(Provided data)

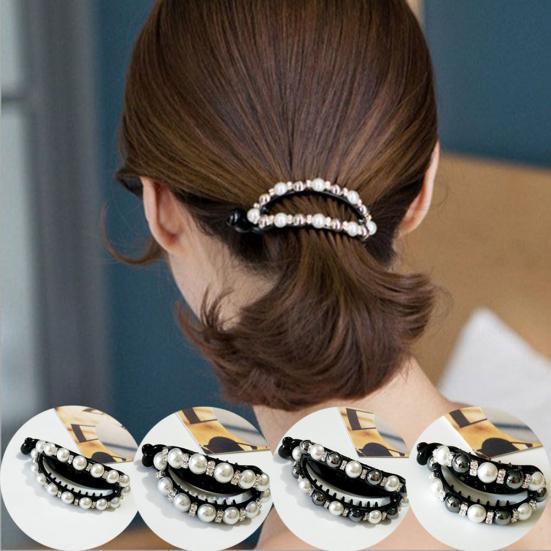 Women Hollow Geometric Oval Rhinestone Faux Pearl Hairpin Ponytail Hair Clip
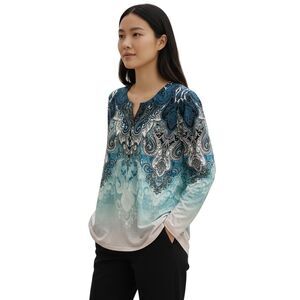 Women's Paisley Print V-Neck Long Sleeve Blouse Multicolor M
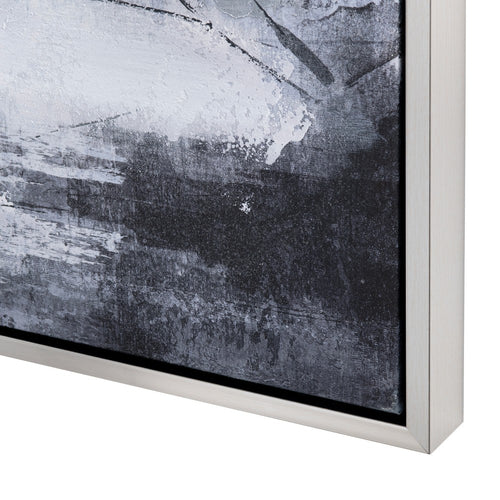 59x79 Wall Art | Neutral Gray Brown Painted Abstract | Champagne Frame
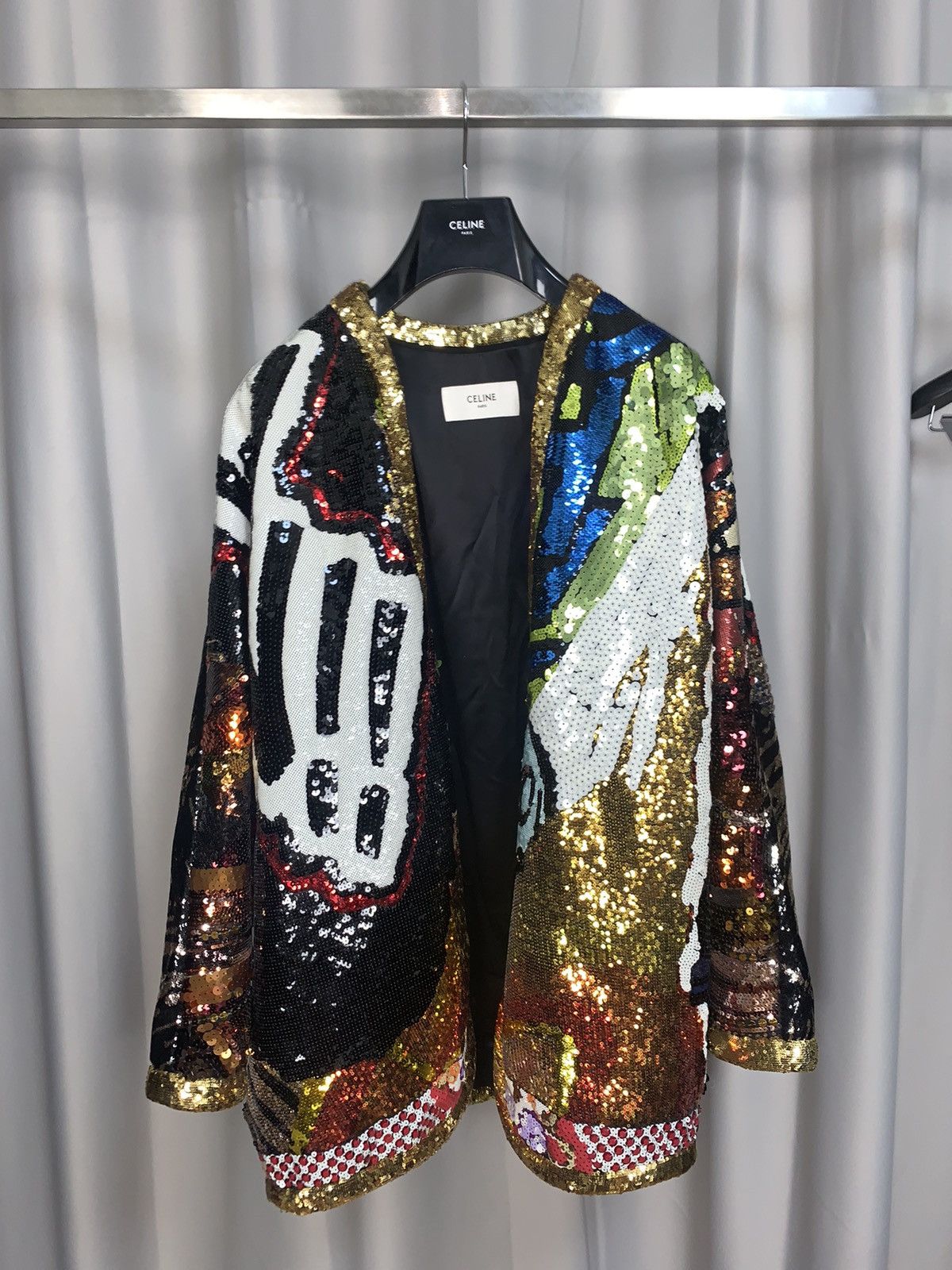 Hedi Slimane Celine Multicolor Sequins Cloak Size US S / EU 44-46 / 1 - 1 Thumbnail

(End Provided data)

## Exercise instructions
Exactly the lines from the one containing "59x79 Wall Art" through the last line of the material above, both included and free of pictures, should make up your answer, please.

## Your response
 59x79 Wall Art | Neutral Gray Brown Painted Abstract | Champagne Frame
 Hedi Slimane Celine Multicolor Sequins Cloak Size US S / EU 44-46 / 1 - 1 Thumbnail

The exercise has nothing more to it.